Richard Murphy and Simpson & Brown to table alternate Royal High School vision
Richard Murphy Architects and Simpson & Brown have been appointed to develop alternate proposals for the restoration of Edinburgh’s former Royal High School, which would see the Calton Hill landmark turned into a new home for St Mary’s Music School.

The Royal High School Preservation Trust has appointed the practices to develop detailed designs for its restoration after making a formal offer of £1.5m to purchase the site, backed by the philanthropic Dunard Fund.

This sum exceeds the value placed on the buildings by the City of Edinburgh Council and forms part of a larger funding package to underwrite the cost of conservation and conversion to a teaching and performance space.

Murphy said: “This is a wonderful site, an exceptionally important building and a delightful client and brief; what architect could not relish such a prospect? We look forward to working closely with the Trust, the School and the rest of the design team."

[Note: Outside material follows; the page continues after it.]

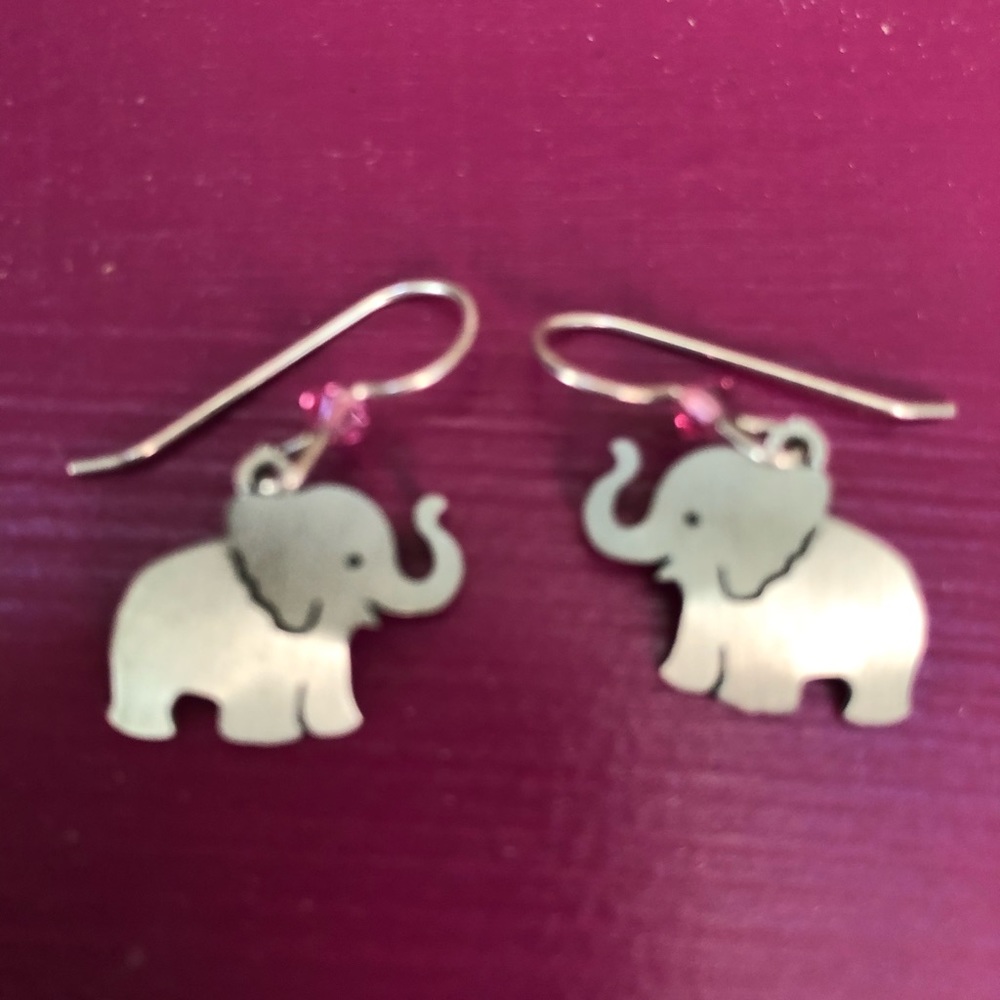 Sterling silver elephant earrings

Initial designs for the new school are expected to be released ‘within weeks’, outlining an alternative vision to that proposed by Hoskins Architects, which would see the school turned into a hotel.

19 Comments

pedant
#1 Posted by pedant on 23 Sep 2015 at 10:48 AM
Can we just stop this right now?
Using the word, 'alternate' instead of alternative.
Just stop it.
Sounds like some American sales person.
This is Scotland we live in here, no Kalamazoo
Tullochgorum
#2 Posted by Tullochgorum on 23 Sep 2015 at 11:56 AM
Simpson & Brown... James Simpson is leading the charge for the hotel scheme's refusal through his role as UK vice-president of UNESCO advisors, Icomos UK. Conflict of interest, no?
Alternate mind
#3 Posted by Alternate mind on 23 Sep 2015 at 12:07 PM
I have an alternate opinion on the matter.
D to the R
#4 Posted by D to the R on 23 Sep 2015 at 12:58 PM
Well here we go again - another effort from the modernist squad ..... Oh Sorry ... Just pre-empting Big Chantelle's next post ....
Lindsay Buchan
#5 Posted by Lindsay Buchan on 23 Sep 2015 at 13:34 PM
Tullochgorum is absolutely right, it is entirely inappropriate for Simpson & Brown to have anything to do with this, this highlights the danger of Architects becoming members of things like the AHSS and the Cockburn Society
Rupert the Bear
#6 Posted by Rupert the Bear on 23 Sep 2015 at 14:11 PM
#2&#5 Agreed. Also, 'Tim Nice-but-dim' Simpson is an ideological throw back of the Roger Scruton kind and the self-appointed grandees of organisations such as the Cockburn Society (as the name suggests) do exactly as it says on the tin. There, rant over. I say, anyone for tennis?
RJB
#7 Posted by RJB on 23 Sep 2015 at 17:35 PM
#6 Seems a wee bit harsh. Surely the perfect place for a bit of ideological throwing back , given how Hoskins seems to failed completely.
Cadmonkey
#8 Posted by Cadmonkey on 23 Sep 2015 at 21:52 PM
What a ridiculous set of comments from so called "open minded" architects.
Surely the built environment would benefit from having more architects as members of organisations such as UNESCO and Cockburn.
It is ridiculous to suggest that membership of these organisations should prevent an expert architect from accepting a commission to work on a historic iconic building in his/her city.
I suggest you all think again.
pedant
#9 Posted by pedant on 24 Sep 2015 at 09:02 AM
Dear RJB, libel law forbids me to say anything other than, if you have ever had specific dealings with James you would know that my point is not 'a wee bit harsh'. If I were Edinburgh, I'd happily take my chances with either RM or GH.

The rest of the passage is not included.